Dataset excerpts:
◇ ◇ ◇ ◇ ◇ ◇ ◇

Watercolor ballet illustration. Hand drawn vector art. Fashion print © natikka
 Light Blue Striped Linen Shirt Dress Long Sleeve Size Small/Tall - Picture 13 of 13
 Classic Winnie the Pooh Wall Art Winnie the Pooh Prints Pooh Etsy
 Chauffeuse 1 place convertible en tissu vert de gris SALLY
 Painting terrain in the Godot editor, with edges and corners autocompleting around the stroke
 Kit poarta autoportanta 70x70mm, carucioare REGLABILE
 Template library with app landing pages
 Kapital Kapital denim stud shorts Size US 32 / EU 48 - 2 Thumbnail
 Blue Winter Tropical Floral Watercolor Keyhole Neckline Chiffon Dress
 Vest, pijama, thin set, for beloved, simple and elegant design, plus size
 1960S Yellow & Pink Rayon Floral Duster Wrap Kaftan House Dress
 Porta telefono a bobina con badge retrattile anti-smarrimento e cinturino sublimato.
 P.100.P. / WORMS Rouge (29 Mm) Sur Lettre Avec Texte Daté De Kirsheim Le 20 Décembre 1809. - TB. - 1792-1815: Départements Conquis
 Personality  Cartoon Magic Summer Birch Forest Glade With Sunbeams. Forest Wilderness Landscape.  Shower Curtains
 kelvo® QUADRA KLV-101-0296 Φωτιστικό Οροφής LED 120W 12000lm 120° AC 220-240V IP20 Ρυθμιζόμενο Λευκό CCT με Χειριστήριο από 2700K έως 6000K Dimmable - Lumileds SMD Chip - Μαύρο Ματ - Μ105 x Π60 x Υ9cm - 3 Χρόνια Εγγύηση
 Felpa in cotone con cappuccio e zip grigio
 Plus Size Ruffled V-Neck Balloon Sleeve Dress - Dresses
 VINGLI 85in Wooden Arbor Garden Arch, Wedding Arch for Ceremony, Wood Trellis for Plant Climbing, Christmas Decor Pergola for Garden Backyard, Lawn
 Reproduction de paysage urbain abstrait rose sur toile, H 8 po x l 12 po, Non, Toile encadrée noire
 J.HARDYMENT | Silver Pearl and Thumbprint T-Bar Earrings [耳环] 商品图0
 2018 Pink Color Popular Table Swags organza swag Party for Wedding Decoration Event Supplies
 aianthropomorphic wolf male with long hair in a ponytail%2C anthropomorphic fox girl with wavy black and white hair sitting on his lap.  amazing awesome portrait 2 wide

◇ ◇ ◇ ◇ ◇ ◇ ◇

What you need to do: Tally the lines of the data that include the word "Pink". Reply with the number only.

Result of the task: 2